No integrity at the top

It was with despair that I read that Surrey police knew that News of the World journalists were hacking Milly Dowler's mobile phone in 2002 and chose to do nothing about it (report, 14 October).

It seems that the old-fashioned notion of integrity has been abandoned, though one must now question whether it was ever present among senior public servants. Perhaps it has always been a pretence to keep us, the gullible public, in ignorance of the "you scratch my back, I'll scratch yours" conspiracy between the media, police, politicians and big business.

If Britain is broken, then it's broken at the top. If David Cameron wants to demonstrate leadership then let's see him deal with the cronyism that seems to be infecting public life.

Philip Maughan

Portree, Isle of Skye

Red card was fully justified

I fully support the move by the International Rugby Board to allow no tolerance of dangerous tackles. To lift a man up and then drop him from one metre or more on to his shoulders, neck or head is dangerous, and a red card should be shown without any question.

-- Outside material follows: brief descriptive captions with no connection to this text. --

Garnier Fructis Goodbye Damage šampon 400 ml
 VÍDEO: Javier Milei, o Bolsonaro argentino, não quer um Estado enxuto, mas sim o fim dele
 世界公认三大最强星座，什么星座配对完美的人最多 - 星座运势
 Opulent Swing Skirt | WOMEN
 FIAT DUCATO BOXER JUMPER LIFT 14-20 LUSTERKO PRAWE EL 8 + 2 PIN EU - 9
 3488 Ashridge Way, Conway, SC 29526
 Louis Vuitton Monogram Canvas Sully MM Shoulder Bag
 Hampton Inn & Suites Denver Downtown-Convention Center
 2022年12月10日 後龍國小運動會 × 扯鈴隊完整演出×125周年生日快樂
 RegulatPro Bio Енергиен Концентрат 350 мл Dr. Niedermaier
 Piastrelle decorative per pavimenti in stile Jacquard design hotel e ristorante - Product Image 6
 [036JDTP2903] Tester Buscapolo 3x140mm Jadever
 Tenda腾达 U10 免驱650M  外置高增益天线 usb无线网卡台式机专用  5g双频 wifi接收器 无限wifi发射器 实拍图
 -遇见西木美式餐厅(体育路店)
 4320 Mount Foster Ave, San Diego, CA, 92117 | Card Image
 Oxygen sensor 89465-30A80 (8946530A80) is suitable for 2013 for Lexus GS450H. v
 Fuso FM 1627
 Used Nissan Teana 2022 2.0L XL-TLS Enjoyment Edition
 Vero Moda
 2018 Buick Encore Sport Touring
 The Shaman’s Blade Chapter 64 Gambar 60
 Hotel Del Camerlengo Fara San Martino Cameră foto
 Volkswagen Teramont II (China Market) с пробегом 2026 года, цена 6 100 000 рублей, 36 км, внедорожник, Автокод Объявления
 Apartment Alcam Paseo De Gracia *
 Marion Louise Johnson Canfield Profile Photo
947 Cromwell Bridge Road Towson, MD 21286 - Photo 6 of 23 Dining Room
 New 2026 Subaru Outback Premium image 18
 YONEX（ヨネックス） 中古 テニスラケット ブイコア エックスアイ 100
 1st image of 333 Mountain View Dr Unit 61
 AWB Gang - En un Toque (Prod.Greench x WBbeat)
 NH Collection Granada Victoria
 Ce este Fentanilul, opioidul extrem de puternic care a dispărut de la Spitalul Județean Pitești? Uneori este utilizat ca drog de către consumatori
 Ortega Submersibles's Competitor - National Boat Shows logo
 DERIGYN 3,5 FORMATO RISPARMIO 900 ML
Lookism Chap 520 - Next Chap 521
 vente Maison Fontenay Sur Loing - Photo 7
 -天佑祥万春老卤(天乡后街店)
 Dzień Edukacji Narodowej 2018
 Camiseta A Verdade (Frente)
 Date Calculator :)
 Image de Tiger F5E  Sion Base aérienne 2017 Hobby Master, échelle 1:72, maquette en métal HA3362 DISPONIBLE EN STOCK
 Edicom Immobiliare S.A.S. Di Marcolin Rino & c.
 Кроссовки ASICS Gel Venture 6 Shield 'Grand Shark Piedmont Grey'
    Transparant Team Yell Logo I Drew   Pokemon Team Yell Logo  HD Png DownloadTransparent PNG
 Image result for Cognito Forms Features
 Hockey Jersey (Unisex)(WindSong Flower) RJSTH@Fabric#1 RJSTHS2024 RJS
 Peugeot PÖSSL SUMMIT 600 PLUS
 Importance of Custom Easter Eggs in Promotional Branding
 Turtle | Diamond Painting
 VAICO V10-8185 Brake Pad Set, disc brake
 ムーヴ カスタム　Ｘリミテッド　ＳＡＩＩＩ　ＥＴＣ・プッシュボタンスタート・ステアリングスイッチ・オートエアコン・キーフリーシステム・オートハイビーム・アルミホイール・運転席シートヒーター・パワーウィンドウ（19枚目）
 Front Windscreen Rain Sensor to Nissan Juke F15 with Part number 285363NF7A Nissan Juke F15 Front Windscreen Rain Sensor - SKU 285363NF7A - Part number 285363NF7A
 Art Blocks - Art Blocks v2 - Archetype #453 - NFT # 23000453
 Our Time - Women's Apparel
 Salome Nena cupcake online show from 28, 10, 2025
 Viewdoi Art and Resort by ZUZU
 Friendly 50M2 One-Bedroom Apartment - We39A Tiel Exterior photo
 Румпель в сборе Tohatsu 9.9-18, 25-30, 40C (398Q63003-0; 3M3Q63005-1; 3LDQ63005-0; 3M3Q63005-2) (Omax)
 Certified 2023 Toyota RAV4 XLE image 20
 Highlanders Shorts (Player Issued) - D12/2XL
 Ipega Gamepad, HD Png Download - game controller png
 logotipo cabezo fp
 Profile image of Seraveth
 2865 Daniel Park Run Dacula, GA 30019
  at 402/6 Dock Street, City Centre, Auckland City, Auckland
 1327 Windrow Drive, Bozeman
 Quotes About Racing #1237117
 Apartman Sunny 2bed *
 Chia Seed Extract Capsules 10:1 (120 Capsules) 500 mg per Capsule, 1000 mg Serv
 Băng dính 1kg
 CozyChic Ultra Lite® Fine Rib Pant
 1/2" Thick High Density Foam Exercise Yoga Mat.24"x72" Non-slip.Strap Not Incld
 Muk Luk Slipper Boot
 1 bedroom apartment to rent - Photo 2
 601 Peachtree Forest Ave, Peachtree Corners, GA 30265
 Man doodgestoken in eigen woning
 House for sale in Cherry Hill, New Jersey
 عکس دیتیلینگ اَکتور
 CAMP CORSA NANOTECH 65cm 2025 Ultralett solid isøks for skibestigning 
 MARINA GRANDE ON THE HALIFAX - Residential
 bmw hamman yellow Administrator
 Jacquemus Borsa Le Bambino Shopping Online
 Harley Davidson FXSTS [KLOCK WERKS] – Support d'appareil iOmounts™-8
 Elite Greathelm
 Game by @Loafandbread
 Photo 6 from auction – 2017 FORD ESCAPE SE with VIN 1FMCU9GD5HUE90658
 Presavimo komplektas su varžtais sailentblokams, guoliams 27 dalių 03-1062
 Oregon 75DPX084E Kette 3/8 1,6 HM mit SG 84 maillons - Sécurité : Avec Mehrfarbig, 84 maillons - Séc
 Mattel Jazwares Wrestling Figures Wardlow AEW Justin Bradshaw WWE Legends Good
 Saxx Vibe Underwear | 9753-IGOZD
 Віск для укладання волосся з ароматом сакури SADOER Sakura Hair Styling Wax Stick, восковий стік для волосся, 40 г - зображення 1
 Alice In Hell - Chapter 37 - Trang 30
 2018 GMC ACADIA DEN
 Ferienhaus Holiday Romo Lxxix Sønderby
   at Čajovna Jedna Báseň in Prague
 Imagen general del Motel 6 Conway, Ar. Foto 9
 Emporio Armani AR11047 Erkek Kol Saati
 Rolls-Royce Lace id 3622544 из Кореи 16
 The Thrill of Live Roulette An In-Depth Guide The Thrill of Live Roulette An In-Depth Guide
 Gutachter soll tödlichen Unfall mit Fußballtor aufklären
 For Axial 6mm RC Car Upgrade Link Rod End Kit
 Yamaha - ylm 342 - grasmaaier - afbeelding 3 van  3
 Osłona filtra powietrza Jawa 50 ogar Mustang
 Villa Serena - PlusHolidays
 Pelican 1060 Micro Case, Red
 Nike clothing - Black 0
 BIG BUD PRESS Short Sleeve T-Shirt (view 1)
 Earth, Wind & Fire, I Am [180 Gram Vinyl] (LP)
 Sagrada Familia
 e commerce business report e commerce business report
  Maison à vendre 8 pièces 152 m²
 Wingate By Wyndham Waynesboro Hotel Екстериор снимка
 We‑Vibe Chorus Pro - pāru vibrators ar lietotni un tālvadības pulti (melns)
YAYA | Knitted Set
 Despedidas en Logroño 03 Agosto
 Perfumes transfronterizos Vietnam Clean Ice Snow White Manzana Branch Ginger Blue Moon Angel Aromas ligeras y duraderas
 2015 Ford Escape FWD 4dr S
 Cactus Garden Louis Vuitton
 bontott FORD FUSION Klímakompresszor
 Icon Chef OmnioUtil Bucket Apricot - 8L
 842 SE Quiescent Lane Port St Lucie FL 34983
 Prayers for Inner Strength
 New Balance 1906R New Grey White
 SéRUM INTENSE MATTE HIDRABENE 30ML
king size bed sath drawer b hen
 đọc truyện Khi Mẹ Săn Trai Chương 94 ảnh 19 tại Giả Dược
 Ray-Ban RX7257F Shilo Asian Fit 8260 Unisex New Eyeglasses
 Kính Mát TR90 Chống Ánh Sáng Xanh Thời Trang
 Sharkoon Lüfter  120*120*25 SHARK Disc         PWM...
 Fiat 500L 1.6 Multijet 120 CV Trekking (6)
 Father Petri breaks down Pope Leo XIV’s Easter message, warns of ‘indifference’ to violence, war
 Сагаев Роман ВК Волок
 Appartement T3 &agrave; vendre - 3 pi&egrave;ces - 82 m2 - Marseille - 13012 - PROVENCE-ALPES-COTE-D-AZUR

I am appalled that much comment in this paper and on TV has claimed that the red card in Saturday's World Cup match in some way spoiled the game, that it stopped Wales from winning. Would those commentators have preferred to see Clerc carried off on a stretcher, paralysed from the neck down and Wales the victors? Wales lost because their goal kickers were not accurate enough.

J Wright

Calne, Wiltshire

I read Alan Lewendon's letter praising the discipline of the Welsh rugby team (15 October) ten minutes before the Welsh captain was sent off for foul play. Oh dear. The Saturday papers were full of articles based on the assumption that Wales would win the match. Never count your chickens in case they come home to roost.

Andrew Belsey

Whitstable, Kent

Not that difficult

I can sympathise with Sarah Goldberg's view that some elderly patients are very difficult (letter, 17 October) and, knowing my own defects, I'm sure I'd feel very impatient with them – but even through my irritation I think I might connect uneaten meals with starvation.

Sara Neill

Tunbridge Wells, Kent

Cross reaction

Please correct your front-page howler in describing the crossbencher Lord Owen as a "Liberal Democrat peer" (13 October) before the Party suffers mass resignations.

Philip Goldenberg

Woking Surrey

Out of season

Mark Hix's recipes for asparagus (15 October) were excellent, but why not do these recipes during the British asparagus season? I refuse to buy vegetables from half way round the world.

Sue Thomas

Bowness on Windermere

Poor show, chaps

Not a single sportswoman is mentioned in your 24-page sport supplement (17 October). Is this a record? Almost certainly not.